Top of Exercise data

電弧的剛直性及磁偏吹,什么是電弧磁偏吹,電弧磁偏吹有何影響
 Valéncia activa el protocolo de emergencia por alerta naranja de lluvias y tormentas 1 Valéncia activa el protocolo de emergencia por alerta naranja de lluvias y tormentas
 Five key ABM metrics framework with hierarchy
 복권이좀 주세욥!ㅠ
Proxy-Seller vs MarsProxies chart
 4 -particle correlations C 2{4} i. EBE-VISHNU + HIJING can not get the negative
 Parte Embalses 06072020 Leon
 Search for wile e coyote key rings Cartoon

Bottom of Exercise data

§ **Exercise aim**: Every entry above should be transcribed exactly and in full.

§ **Result for this exercise**:
電弧的剛直性及磁偏吹,什么是電弧磁偏吹,電弧磁偏吹有何影響
 Valéncia activa el protocolo de emergencia por alerta naranja de lluvias y tormentas 1 Valéncia activa el protocolo de emergencia por alerta naranja de lluvias y tormentas
 Five key ABM metrics framework with hierarchy
 복권이좀 주세욥!ㅠ
Proxy-Seller vs MarsProxies chart
 4 -particle correlations C 2{4} i. EBE-VISHNU + HIJING can not get the negative
 Parte Embalses 06072020 Leon
 Search for wile e coyote key rings Cartoon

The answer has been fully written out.